3.2 Political Motives
It is difficult to find one accurate definition for political motives. In general, however, people regards political motive as a motive which aims to serve for politics. Sometimes, politicians need more economic successes to earn more votes. For instance, in order to enable the Chinese people to enjoy more about the telecom service, in 2008 the Chinese government decided to make several mergers among the six largest state-owned telecom companies including China Mobile, China Unicom, China Telecom, China Netcom, China Tietong, and China Satcom (Xinhua News Agency, 2008).
However, it is hard to see mergers with political motives. This is because, primarily, political motives’ mergers often occur in the countries which have a similar political system like China. There are less of them in the world. Secondly, even though this situation happens, the core of a merger with a political motive is also the economic success. Hence, the political motive is, actually, an economic motive.
Non-economic motives can either be some personal motives or the alias of economic motives, thus, they will not be seen as the sound motives.

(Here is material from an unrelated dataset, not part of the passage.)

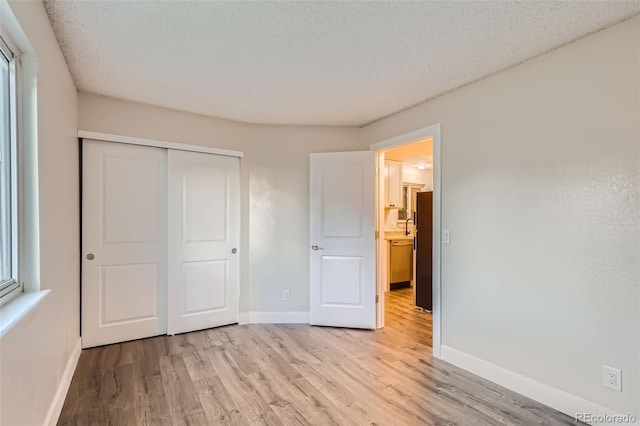 unfurnished bedroom with light wood-style floors, a textured ceiling, baseboards, and a closet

In conclusion, this essay has attempted to demonstrate that economic motives are the main reasons for different companies’ mergers. Despite the fact that some people argue that there are some potential risks among these economic reasons, focusing on negatives, the positives of these economic motives stand out. Furthermore, it is also true that various successful examples have shown the importance of these economic motives that have been discussed above. This is why, in recent years, more and more researchers have put their effort to study the topic of M&A. Economic motives are not only the first step of merging, but the root of mergers, although, in the process of a merger, there will a great amount of works to be done in future.
Currently, after the global financial crisis, there is another trend for companies seeking for mergers. How to avoid the potential risks of these economic motives and transfer them to the real profits is an issue that is open to question.